Szene aus „Das Wolkenvolk Band 6“ (Splitter Verlag)

„Schattengänger“, „Das Wolkenvolk“, „Die Krone der Sterne“ – all deine Comics sind auf dem weiten Feld der Phantastik angesiedelt. Science Fiction, Fantasy, Horror, was sind die reizvollen Elemente dieser Genres? Welche Möglichkeiten verschaffen sie dir als Künstler?

Früher, in den 80er-, 90er-Jahren, ging ich davon aus, dass man gerade in diesen Genres im Comic noch Geschichten mit Bildern erschaffen kann, die kein Film je so wiedergeben könnte. Eine Aussage, die ich heute, dank der digitalen Entwicklung beim Film, wohl revidieren muss. Visuell ist alles möglich. Trotzdem bleibt der Comic gerade für diese Genres ein sehr dankbares Medium, weil er inhaltlich andere Wege gehen kann als ein Film mit Millionenbudget, der meist für ein Massenpublikum tauglich sein muss. So sehr ich mich in meiner Jugend nach visuellen Umsetzungen dieser Genres gesehnt habe, als sie einfach noch nicht so populär waren, ist die heutige Flut an Filme, Serien, Mangas und Jugendliteratur in diesem Bereich so enorm, dass sich bei mir manchmal schon eine gewisse Übersättigung einstellt.
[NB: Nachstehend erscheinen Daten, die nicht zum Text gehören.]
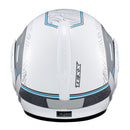 Capacete Texx Stratos 180 Topographic Branco E Azul 60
Aber nach wie vor gilt: Es sind Genres, in denen der Fantasie keine Grenzen gesetzt sind. Und das sind ideale Voraussetzungen, besonders für Zeichner, die es lieben, fremde Kreaturen und Locations zu erschaffen. Für mich ist es allerdings weniger das „Worldbuilding“ à la Tolkien, sondern vielmehr das Phantastische, das in unsere reale Welt einbricht, was ich liebe.

„Die Krone der Sterne“ ist nach „Das Wolkenvolk“ bereits deine zweite Adaption einer literarischen Vorlage von Kai Meyer. Wie eng ist eigentlich die Zusammenarbeit mit ihm auf dem Weg zum fertigen Album? Wacht er streng über sein Werk?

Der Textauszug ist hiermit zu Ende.